(Short text fragments from websites)
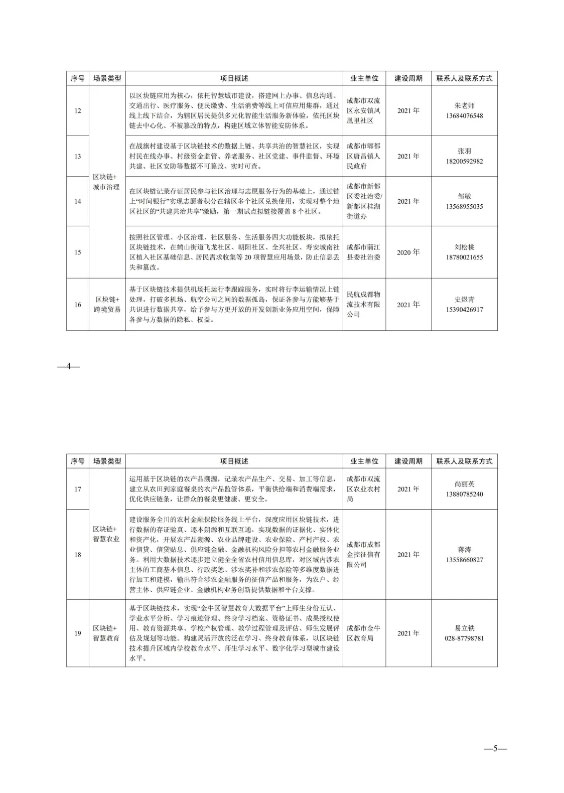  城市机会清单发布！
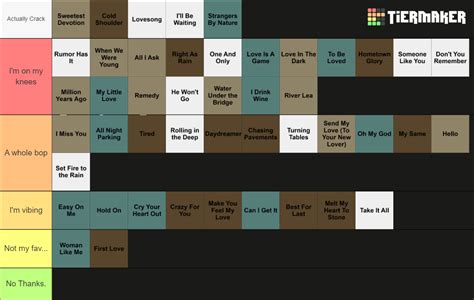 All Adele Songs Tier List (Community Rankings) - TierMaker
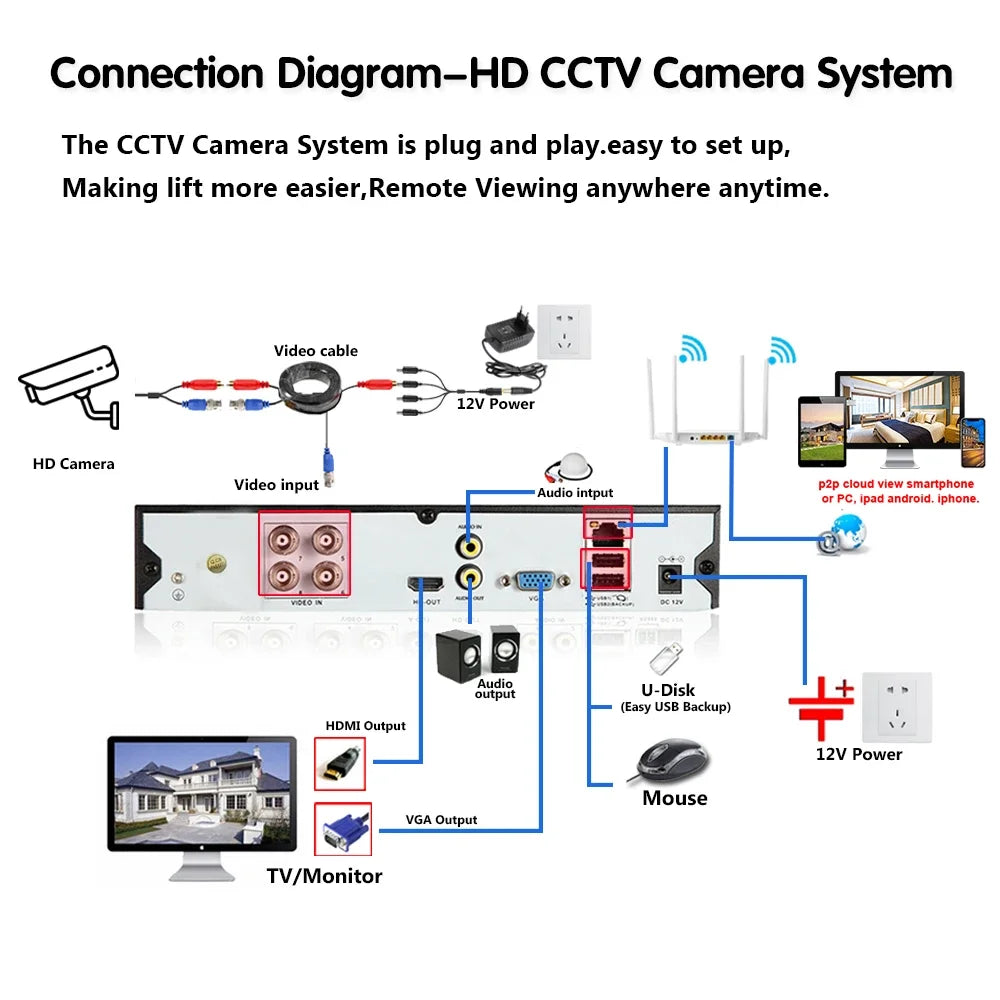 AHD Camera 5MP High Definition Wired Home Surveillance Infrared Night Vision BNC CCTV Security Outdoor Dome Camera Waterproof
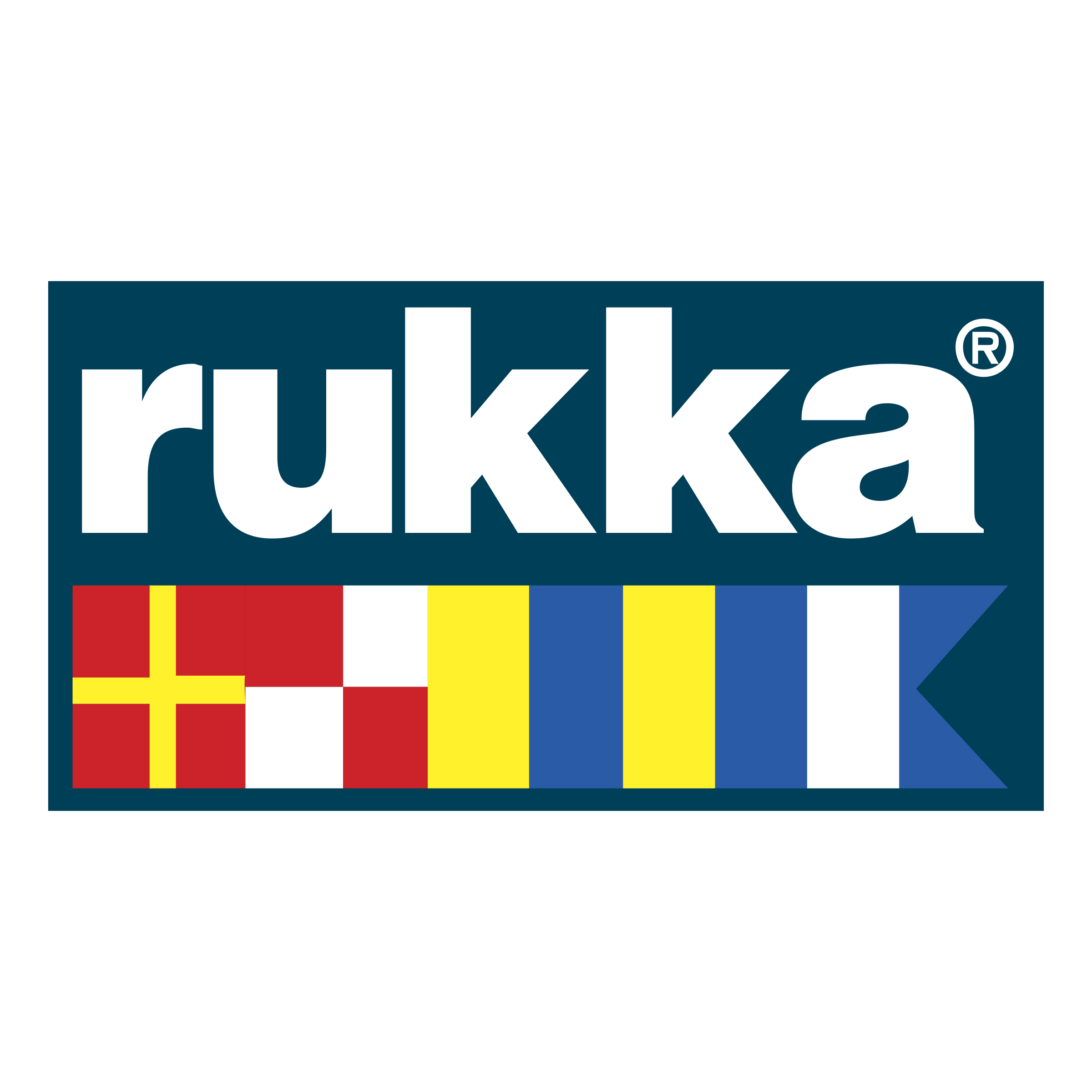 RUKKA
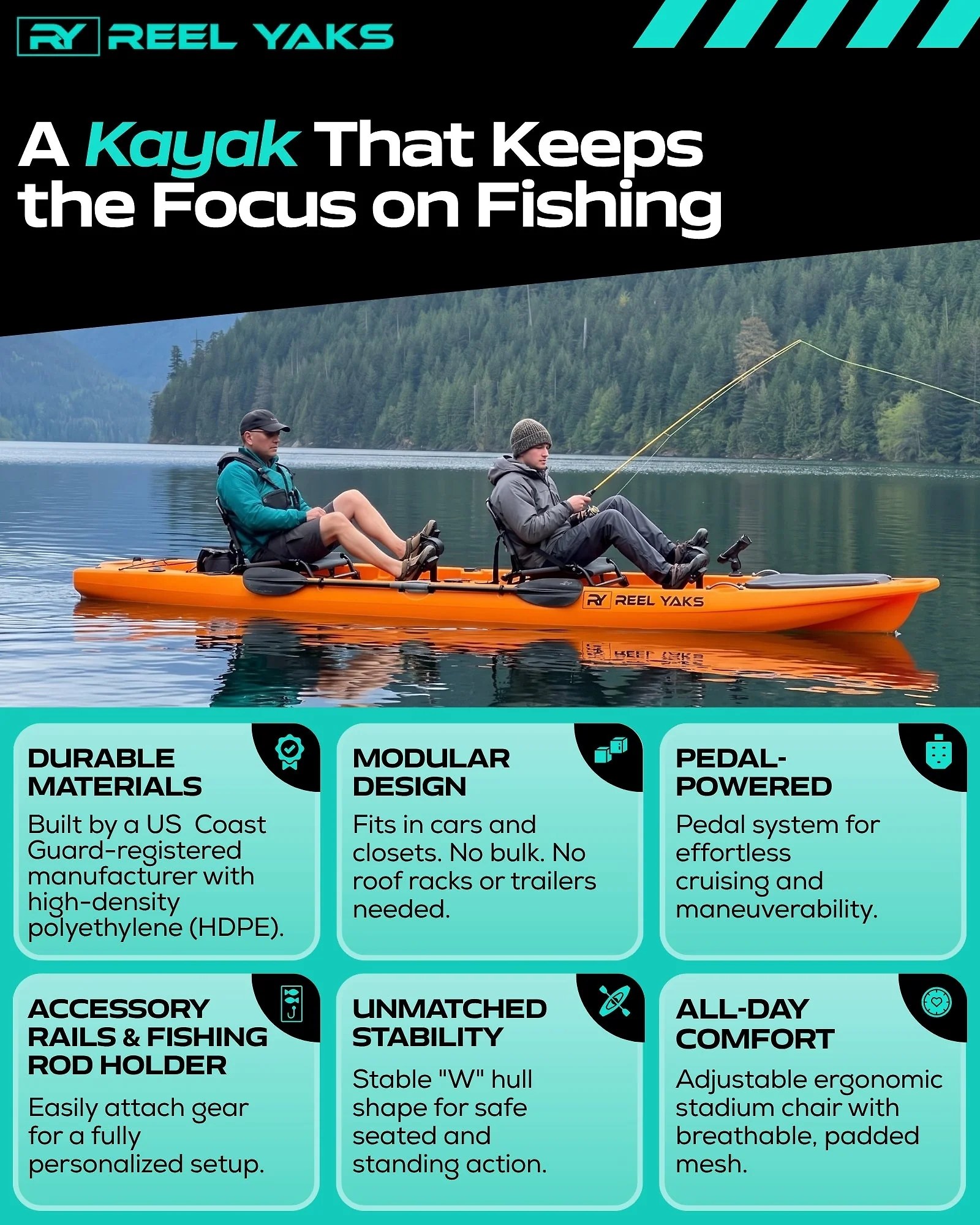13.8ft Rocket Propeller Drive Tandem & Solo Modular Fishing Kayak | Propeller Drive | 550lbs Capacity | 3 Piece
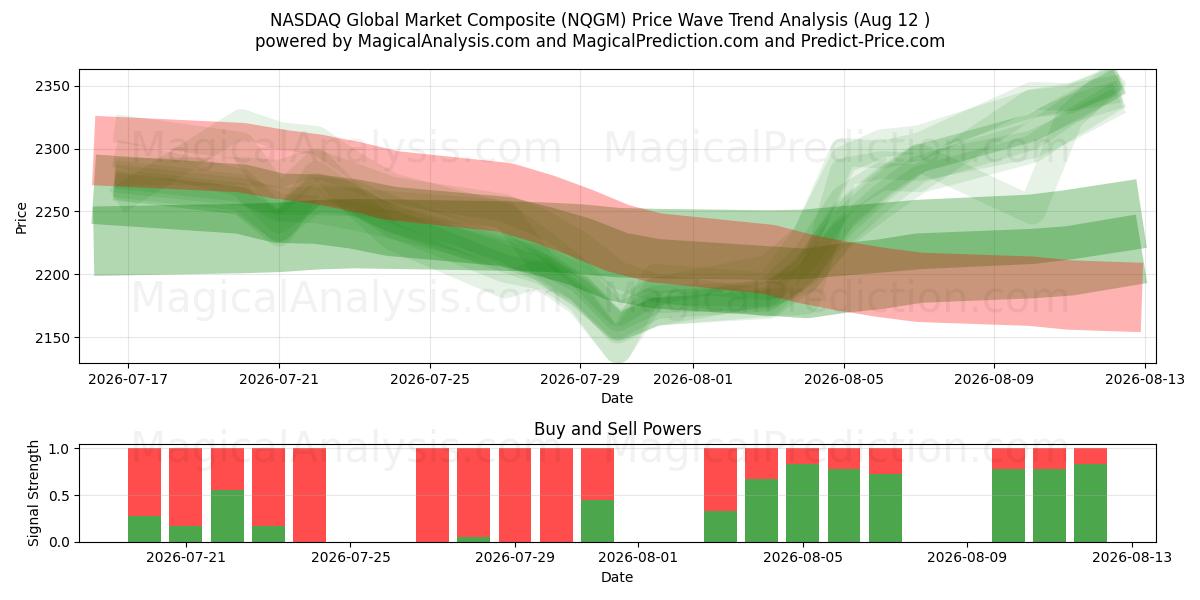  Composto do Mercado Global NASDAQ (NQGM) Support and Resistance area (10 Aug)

*WORK INSTRUCTION:* Nothing but the lines from the one containing "All Adele Songs" through the final line of the entries above should be given again, each exactly as written; omit the pictures.

*REPLY:*
 All Adele Songs Tier List (Community Rankings) - TierMaker
 AHD Camera 5MP High Definition Wired Home Surveillance Infrared Night Vision BNC CCTV Security Outdoor Dome Camera Waterproof
 RUKKA
13.8ft Rocket Propeller Drive Tandem & Solo Modular Fishing Kayak | Propeller Drive | 550lbs Capacity | 3 Piece
  Composto do Mercado Global NASDAQ (NQGM) Support and Resistance area (10 Aug)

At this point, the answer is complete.